About this exercise: Please return only the lines from the one showing "Carro Citroën Xsara" to the end of the entries, keeping both ends and dropping every picture.

Data for analysis:
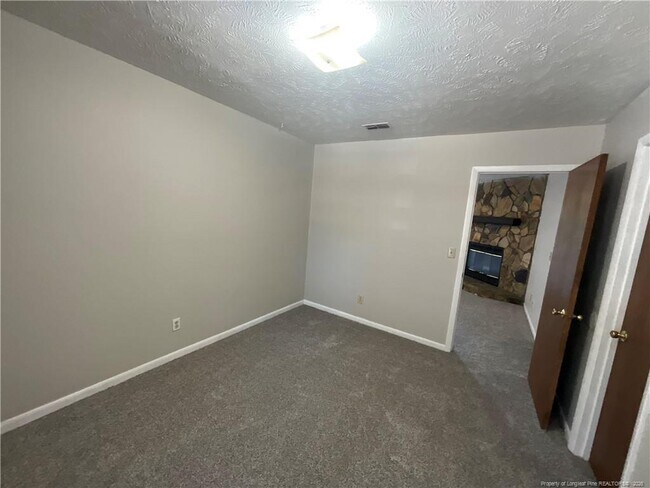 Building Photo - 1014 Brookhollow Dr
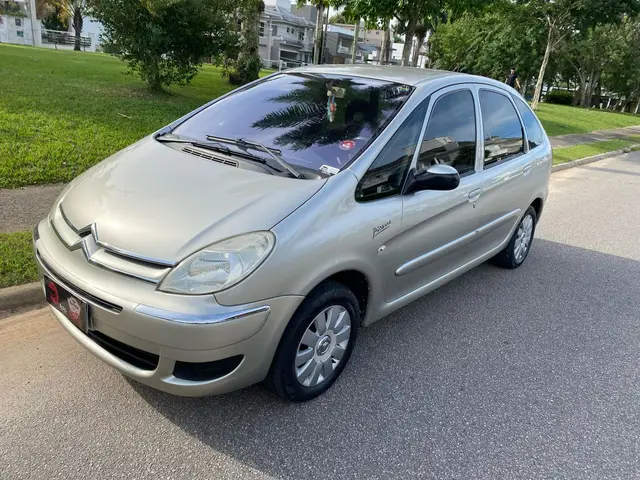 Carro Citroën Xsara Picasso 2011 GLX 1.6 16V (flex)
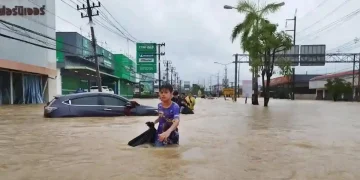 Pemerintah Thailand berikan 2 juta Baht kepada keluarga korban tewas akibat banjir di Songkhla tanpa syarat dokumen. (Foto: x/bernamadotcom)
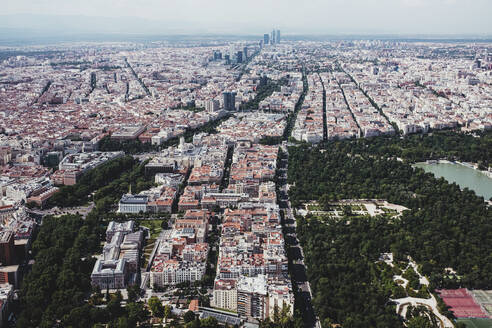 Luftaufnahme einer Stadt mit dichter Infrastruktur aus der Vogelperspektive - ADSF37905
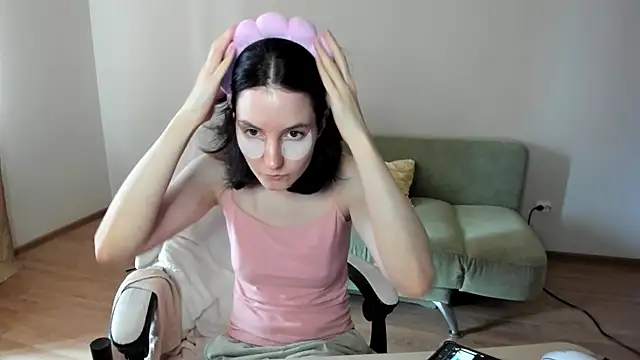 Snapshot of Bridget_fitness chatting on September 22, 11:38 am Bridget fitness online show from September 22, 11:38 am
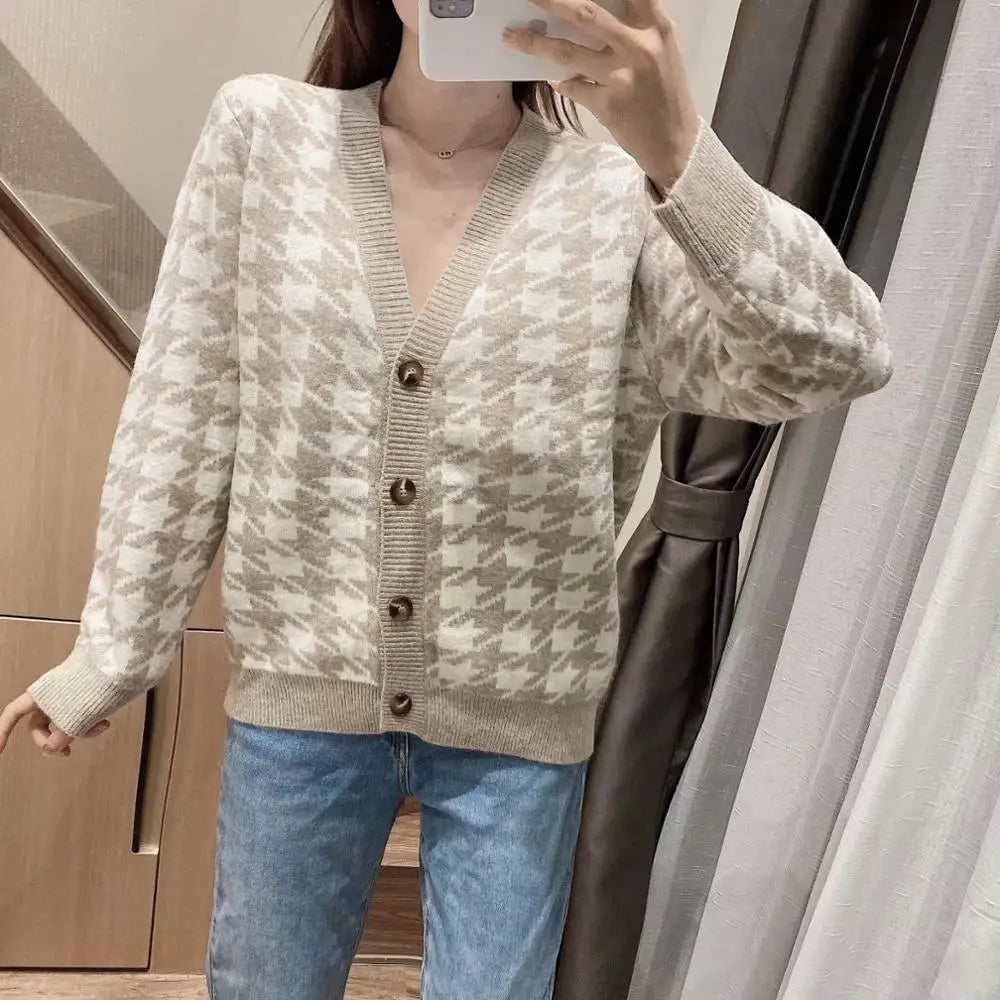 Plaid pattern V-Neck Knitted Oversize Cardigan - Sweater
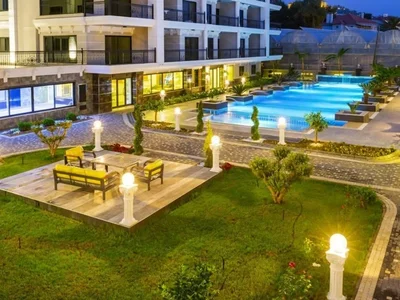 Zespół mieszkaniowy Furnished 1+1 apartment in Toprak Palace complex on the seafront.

Solution:
 Carro Citroën Xsara Picasso 2011 GLX 1.6 16V (flex)
 Pemerintah Thailand berikan 2 juta Baht kepada keluarga korban tewas akibat banjir di Songkhla tanpa syarat dokumen. (Foto: x/bernamadotcom)
 Luftaufnahme einer Stadt mit dichter Infrastruktur aus der Vogelperspektive - ADSF37905
 Snapshot of Bridget_fitness chatting on September 22, 11:38 am Bridget fitness online show from September 22, 11:38 am
 Plaid pattern V-Neck Knitted Oversize Cardigan - Sweater
 Zespół mieszkaniowy Furnished 1+1 apartment in Toprak Palace complex on the seafront.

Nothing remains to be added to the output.